We have \(r (r+s +t) = s t\). Multiplying by 2 and adding \(s^2+t^2\) to both sides we get \(s^2+t^2+2 r^2+2 r s + 2 r t = s^2+t^2 + 2 s t\), and consequently \((s+r)^2+(r+t)^2 = (s+t)^2\). \(\square \)

The above proof shows that Pythagoras’ Theorem can be rediscovered as a consequence of Heron’s equality in right triangles. Now, thanks to Pythagoras’ Theorem, we can easily extend Heron’s equality to any triangle, which consequently follows from Heron’s equality for right triangles.
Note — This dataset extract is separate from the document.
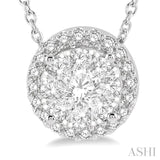 1/2 Ctw Lovebright Round Cut Diamond Pendant With Chain in 14K White Gold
For this, let ABC be a generic triangle, and let CH be the altitude on its edge AB (see Fig. 2), where we assume H between A and B (in any triangle there surely exists an altitude with this property).

Fig. 2
figure 2

A generic triangle ABC

Full size image

Let \(p=r+s+t\) be the semiperimeter of ABC, and let

$$\begin{aligned} \varphi =\sqrt{rst(r+s+t)}=\sqrt{p(p-a)(p-b)(p-c)}. \end{aligned}$$

By Pythagoras’ Theorem in AHC and CHB, we have

$$\begin{aligned} c^2=(AH+HB)^2= & {} AH^2+BH^2+2(AH)(HB) \\= & {} a^2+b^2-2CH^2+2(AH)(HB)\\= & {} a^2+b^2-2CH^2+2\sqrt{(a^2-CH^2)(b^2-CH^2)} \end{aligned}$$

and, solving for CH we get

$$\begin{aligned} CH=\frac{\sqrt{4a^2b^2-(c^2-a^2-b^2)^2}}{2c}=\frac{2\sqrt{p(p-a)(p-b)(p-c)}}{c}=\frac{2}{c}\varphi . \end{aligned}$$

Therefore, from \(2|ABC|=cCH\), Heron’s equality for ABC follows.

Remark 6

By (4) and Heron’s equality written in the form \(|ABC|=\sqrt{rst(r+s+t})\) we can obtain the incircle R of any triangle as a symmetric function of rst as follows (see Fig. 3).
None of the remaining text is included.